Fit for purpose means both their everyday purpose, and also any specific purpose that you agreed with the seller (for example, if you specifically asked for a printer that would be compatible with your computer)
Goods sold must also match any sample you were shown in-store, or any description in a brochure.
If you have bought a faulty product, our guide shows you what you should do.
Who is responsible
If your goods fail to meet any of the above criteria then you could have a claim under the Sale of Goods Act.
If you want to make a claim under the Sale of Goods Act you have several possible ways of resolving your issue, depending on the circumstances and on what you want done.
Your rights are against the retailer – the company that sold you the product – not the manufacturer, and so you must make any claim against the retailer.
However, the Sale of Goods Act doesn’t apply to goods you've bought on hire purchase (HP).
Instead the Supply of Goods Implied Terms Act 1973 applies, which makes the HP company responsible for the quality of the goods supplied and gives you slightly different rights.
All goods must be:
- as described
- of satisfactory quality and
- fit for purpose
If they're not, the retailer is in breach of contract and you have a claim under the Sale of Goods Act
Returning faulty goods
If you buy a product that turns out to be faulty, you can choose to reject it which means you can give it back and get a refund.
But, the law only gives you a reasonable time to do this – what's reasonable depends on the product and how obvious the fault is.
However, even with major purchases or complex items, it’s safest to work on the basis you usually have no more than three to four weeks from when you receive it to reject it.
Getting faulty goods replaced or repaired
You have the right to get faulty goods replaced or repaired if it's too late to reject them. You can ask the retailer to do either, but they can normally choose to do whatever would be cheapest.
Under the Sale of Goods Act, the retailer must either repair or replace faulty goods 'within a reasonable time but without causing significant inconvenience'.
If the seller doesn't do this, you're entitled to claim either:
• a reduction on the purchase price, or
• your money back, minus an amount for the usage you've had of the goods (called recision)
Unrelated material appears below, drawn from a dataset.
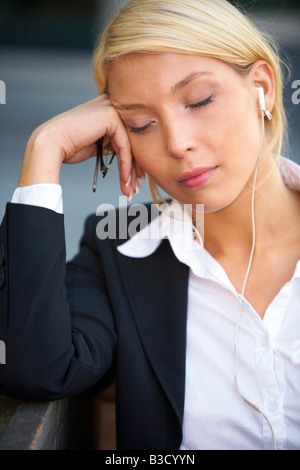 Junge Geschäftsfrau tragen Kopfhörer mit Augen geschlossen hält Brillen Stockfoto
If the retailer refuses to repair the goods, and they won't replace them either, you may have the right to arrange for someone else to repair your item, and then claim compensation from the retailer for the cost of doing this.
You have six years to take a claim to court for faulty goods in England, Wales and Northern Ireland; in Scotland you have five years.
Proving your claim for faulty goods
If your claim under the Sale of Goods Act ends up in court, you may have to prove that the fault was present when you bought the item and not, for example, something which was the result of normal wear and tear.
If your claim is about a problem that arises within six months of buying the product, it's up to the retailer to prove that the goods were of satisfactory quality, fit for purpose, or as described when it sold them.
For example, by showing that the problem was caused by an external factor such as accidental damage.
To get a faulty good repaired or replaced, follow our step-by-step guide.
Beyond six months, it's up to you to prove that the problem was there when you received the goods even if it has taken until now to come to light.
So, you may need to prove that the fault was not down to ordinary wear and tear or damage you caused, and that the product (or a component) should have lasted longer than it did.
To do this you may need an expert's report, for example, from an engineer or a mechanic.
Always try to keep the cost of any report proportionate to the value of the claim and, if you can, try to agree on an expert you and the seller both agree has the necessary expertise.